В национальной войне я ничего не чувствую, в гражданской – всё.
– Ну, а как с немецкими зверствами?
– Но я говорила о качественной Германии, не о количественной. Качество, порождаемое количеством – вот зверство. Человек наедине не зверь (не от чего и не с кем). Зверство начинается с Каина и Авеля, Ромула и Рема, т. е. с цифры два. От сей роковой цифры первого общежития до числа двузначного и дальше – катастрофическое нарастание зверства, с каждой единицей утысячеряющегося. (Вспомните детство и школу.)
Короче: если «pour aimer il faut être deux»[96], то тем более – pous tuer[97]. (Адам мог любить просто солнце, Каину, для убийства, нужен был Авель.)
Для любви достаточно одного, для убийства нужен второй. Когда людей, скучивая, лишают лика, они делаются сначала стадом, потом сворой.
Погодите, будет час, так же будете оплакивать героическую Германию, как ныне героическую разоренную Францию. Нынче – Реймский собор, завтра – Кельнский: высоты мешают веку! Это не ненависть германцев к галлам, галлов к германцам, это ненависть квадрата – к шпилю, плоскости – к острию, горизонтали – к вертикали.
Реймский собор для меня больше рана, чем для вас: в нем свершилась моя Иоанна! – и, оплакивая его, оплакиваю больше, чем вы: не Иоанну, не Францию, – век костров, смененный веком железобетона!
«Немцы подарили нам большевиков». «Немцы подарили нам пломбированного Ленина»...
В дипломатических подарках не знаток, но, если это даже правда, – руку на сердце положа – будь мы на их месте и додумайся мы, – мы бы этого не сделали?

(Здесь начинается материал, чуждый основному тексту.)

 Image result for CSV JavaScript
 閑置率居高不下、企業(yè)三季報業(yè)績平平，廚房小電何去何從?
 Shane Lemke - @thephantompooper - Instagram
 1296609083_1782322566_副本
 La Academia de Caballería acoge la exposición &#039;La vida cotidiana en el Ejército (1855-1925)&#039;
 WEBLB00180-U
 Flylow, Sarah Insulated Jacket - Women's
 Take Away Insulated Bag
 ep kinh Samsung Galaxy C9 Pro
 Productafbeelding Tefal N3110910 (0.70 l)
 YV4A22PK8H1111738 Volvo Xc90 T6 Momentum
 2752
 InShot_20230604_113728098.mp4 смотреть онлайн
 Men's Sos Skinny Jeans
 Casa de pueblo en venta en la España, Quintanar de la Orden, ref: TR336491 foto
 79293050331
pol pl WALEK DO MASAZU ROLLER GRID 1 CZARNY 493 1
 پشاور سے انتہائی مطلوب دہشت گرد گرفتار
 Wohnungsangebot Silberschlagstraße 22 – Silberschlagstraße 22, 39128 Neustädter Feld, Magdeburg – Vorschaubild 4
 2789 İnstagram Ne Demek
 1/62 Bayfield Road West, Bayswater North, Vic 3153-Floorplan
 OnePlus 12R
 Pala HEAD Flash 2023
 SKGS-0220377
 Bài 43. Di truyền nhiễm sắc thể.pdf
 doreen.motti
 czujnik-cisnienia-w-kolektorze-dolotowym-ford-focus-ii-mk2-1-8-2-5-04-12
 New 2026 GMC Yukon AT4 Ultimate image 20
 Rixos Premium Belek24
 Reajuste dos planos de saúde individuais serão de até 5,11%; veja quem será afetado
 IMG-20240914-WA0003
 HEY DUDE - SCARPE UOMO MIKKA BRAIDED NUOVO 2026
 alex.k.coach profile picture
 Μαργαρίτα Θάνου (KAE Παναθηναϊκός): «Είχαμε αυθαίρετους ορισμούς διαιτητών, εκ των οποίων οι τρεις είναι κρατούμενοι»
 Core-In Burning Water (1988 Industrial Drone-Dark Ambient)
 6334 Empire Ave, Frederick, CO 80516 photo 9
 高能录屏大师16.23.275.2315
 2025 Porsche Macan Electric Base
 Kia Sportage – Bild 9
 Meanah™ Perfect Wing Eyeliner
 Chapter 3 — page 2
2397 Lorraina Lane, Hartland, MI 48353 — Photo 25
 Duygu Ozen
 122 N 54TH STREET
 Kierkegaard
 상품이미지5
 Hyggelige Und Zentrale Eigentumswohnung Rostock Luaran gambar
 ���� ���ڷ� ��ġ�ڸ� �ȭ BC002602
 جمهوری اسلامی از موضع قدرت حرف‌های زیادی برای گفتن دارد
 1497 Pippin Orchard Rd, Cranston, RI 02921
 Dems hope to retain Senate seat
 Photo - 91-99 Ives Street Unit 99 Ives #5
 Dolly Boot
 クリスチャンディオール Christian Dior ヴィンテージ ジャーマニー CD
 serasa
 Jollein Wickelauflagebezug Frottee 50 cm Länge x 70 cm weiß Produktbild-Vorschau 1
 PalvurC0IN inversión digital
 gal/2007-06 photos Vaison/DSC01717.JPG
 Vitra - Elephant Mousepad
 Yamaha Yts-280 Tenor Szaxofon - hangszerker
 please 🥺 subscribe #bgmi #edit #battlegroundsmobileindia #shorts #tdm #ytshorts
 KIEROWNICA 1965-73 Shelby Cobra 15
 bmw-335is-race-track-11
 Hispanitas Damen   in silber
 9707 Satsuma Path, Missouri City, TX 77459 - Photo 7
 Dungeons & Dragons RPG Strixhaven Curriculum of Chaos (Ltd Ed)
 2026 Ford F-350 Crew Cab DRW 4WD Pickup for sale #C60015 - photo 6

Вагон, везущий Ленина, – не тот же ли троянский конь?
Политика – заведомо мерзость, нечего от нее, кроме них, и ждать. С этикой – в политику!
А германская ли мерзость, российская ли – не различаю. Да никто и не различит. Как Интернационал – зло, так и Зло – интернационал.
Vous avez pris l'Alsace et la Lorraine
Mais notre coeur, vous ne l'aurez jamais
Vous avez cru germaniser la plaine,
Mais malgré vous nous resterons français...[98]
Под это я росла. (Престарелые гувернантки-француженки.) И это во мне так же свято, как «Wacht am Rhein»[99]. И это во мне не спорит. Великое согласие высот.
Страсть к каждой стране, как к единственной – вот мой Интернационал. Не третий, а вечный.